Bar Plot from Value Counts

Common pattern for categorical data:

url = "https://raw.githubusercontent.com/datasciencedojo/datasets/master/titanic.csv"
df = pd.read_csv(url)

fig, axes = plt.subplots(1, 3, figsize=(12, 4))

# Survival counts
df['Survived'].value_counts().plot(kind='bar', ax=axes[0])
axes[0].set_title('Survival')
axes[0].set_xticklabels(['Died', 'Survived'], rotation=0)

# Passenger class
df['Pclass'].value_counts().sort_index().plot(kind='bar', ax=axes[1])
axes[1].set_title('Passenger Class')
axes[1].set_xticklabels(['1st', '2nd', '3rd'], rotation=0)

# Embarkation port
df['Embarked'].value_counts().plot(kind='bar', ax=axes[2])
axes[2].set_title('Embarkation Port')

plt.tight_layout()
plt.show()

Customization Options

Colors

# Single color
df['continent'].value_counts().plot(kind='bar', color='steelblue')

# Multiple colors
colors = ['#1f77b4', '#ff7f0e', '#2ca02c', '#d62728', '#9467bd', '#8c564b']
df['continent'].value_counts().plot(kind='bar', color=colors)

Edge Color

df['continent'].value_counts().plot(kind='bar', edgecolor='black')

Bar Width

df['continent'].value_counts().plot(kind='bar', width=0.8)  # 0-1 range

Rotation

# Rotate x-tick labels
df.plot(kind='bar', rot=45)

Grid

df.plot(kind='bar', grid=True)

Sorting Bars

# Sort by value (descending - default for value_counts)
df['continent'].value_counts().plot(kind='bar')

# Sort by value (ascending)
df['continent'].value_counts().sort_values().plot(kind='bar')

# Sort alphabetically
df['continent'].value_counts().sort_index().plot(kind='bar')

Adding Value Labels

fig, ax = plt.subplots(figsize=(10, 5))
counts = df['continent'].value_counts()
bars = ax.bar(range(len(counts)), counts.values)

# Add labels on bars
for bar, count in zip(bars, counts.values):
    ax.text(bar.get_x() + bar.get_width()/2, bar.get_height() + 0.5,
            str(count), ha='center', va='bottom')

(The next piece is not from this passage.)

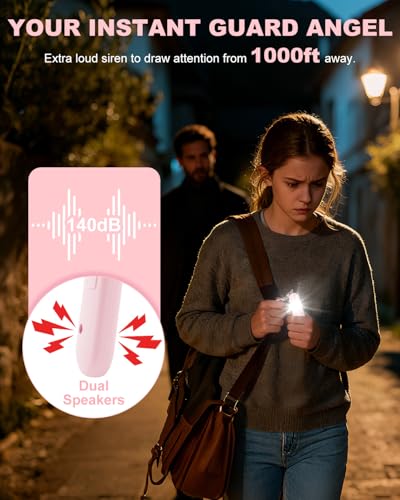 Personal Safety Alarm for Women - Waterproof Rechargeable Security Alarm - 140dB Extra Loud Siren with SOS Strobe Light - Self Defense Keychain for Women Girls Teens Seniors(Pink) - color: Pink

ax.set_xticks(range(len(counts)))
ax.set_xticklabels(counts.index)
ax.set_title('Countries by Continent')
plt.tight_layout()
plt.show()

Summary of Bar Plot Types

Type Code Use Case
Vertical bar plot(kind='bar') Category comparison
Horizontal bar plot(kind='barh') Long category names
Grouped bar Multiple ax.bar() calls Compare metrics
Stacked bar plot(kind='bar', stacked=True) Show composition
100% stacked Manual with percentages Show proportions

Quick Reference

# Basic bar from value counts
series.value_counts().plot(kind='bar')

# Horizontal
series.value_counts().plot(kind='barh')

# Multiple columns grouped
df.plot(kind='bar')

# Stacked
df.plot(kind='bar', stacked=True)

# Customized
series.value_counts().plot(
    kind='bar',
    color='steelblue',
    edgecolor='black',
    width=0.7,
    rot=45
)